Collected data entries

•••••

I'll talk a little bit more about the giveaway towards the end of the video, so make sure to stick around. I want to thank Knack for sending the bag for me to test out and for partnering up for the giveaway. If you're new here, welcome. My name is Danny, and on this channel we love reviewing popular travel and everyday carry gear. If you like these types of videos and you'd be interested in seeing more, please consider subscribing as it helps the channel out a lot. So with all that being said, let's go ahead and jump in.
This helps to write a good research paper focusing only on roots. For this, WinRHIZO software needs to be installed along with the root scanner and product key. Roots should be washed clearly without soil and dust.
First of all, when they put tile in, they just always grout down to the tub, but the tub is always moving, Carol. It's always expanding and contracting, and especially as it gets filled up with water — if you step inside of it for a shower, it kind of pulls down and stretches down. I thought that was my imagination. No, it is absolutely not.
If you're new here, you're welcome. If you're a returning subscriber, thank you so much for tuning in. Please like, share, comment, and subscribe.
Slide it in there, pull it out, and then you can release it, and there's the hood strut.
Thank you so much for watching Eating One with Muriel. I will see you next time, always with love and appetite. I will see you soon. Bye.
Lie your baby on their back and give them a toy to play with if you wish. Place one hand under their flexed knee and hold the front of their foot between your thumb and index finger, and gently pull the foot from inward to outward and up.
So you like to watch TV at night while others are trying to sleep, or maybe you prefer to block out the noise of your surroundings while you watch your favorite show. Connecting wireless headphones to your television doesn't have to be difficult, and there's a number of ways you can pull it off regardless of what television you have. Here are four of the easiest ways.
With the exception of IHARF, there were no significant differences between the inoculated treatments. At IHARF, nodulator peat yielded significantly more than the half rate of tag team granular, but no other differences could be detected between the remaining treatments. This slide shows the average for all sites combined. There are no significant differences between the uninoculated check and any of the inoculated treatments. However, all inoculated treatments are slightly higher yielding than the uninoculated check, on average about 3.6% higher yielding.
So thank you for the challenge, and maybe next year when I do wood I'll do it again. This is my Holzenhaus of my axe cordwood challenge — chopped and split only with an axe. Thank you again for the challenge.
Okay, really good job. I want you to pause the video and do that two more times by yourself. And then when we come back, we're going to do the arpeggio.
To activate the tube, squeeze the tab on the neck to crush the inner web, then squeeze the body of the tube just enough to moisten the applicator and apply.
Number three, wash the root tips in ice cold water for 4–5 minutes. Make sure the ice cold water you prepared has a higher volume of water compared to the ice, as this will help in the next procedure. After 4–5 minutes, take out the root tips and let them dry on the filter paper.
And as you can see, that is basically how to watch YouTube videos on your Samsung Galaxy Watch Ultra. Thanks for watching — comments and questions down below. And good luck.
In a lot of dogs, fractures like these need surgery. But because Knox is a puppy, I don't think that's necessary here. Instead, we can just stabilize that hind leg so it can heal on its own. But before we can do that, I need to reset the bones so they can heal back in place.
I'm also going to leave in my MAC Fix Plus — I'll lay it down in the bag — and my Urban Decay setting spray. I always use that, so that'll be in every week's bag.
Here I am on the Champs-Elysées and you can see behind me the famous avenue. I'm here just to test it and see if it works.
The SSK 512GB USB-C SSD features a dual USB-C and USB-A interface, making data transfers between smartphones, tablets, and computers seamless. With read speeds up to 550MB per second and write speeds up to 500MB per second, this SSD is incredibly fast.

•••••

### Problem details
All that is needed is the exact run of lines above from the line containing "Lie your baby" through the line containing "So you like", both of them included.

### Exercise output
Lie your baby on their back and give them a toy to play with if you wish. Place one hand under their flexed knee and hold the front of their foot between your thumb and index finger, and gently pull the foot from inward to outward and up.
So you like to watch TV at night while others are trying to sleep, or maybe you prefer to block out the noise of your surroundings while you watch your favorite show. Connecting wireless headphones to your television doesn't have to be difficult, and there's a number of ways you can pull it off regardless of what television you have. Here are four of the easiest ways.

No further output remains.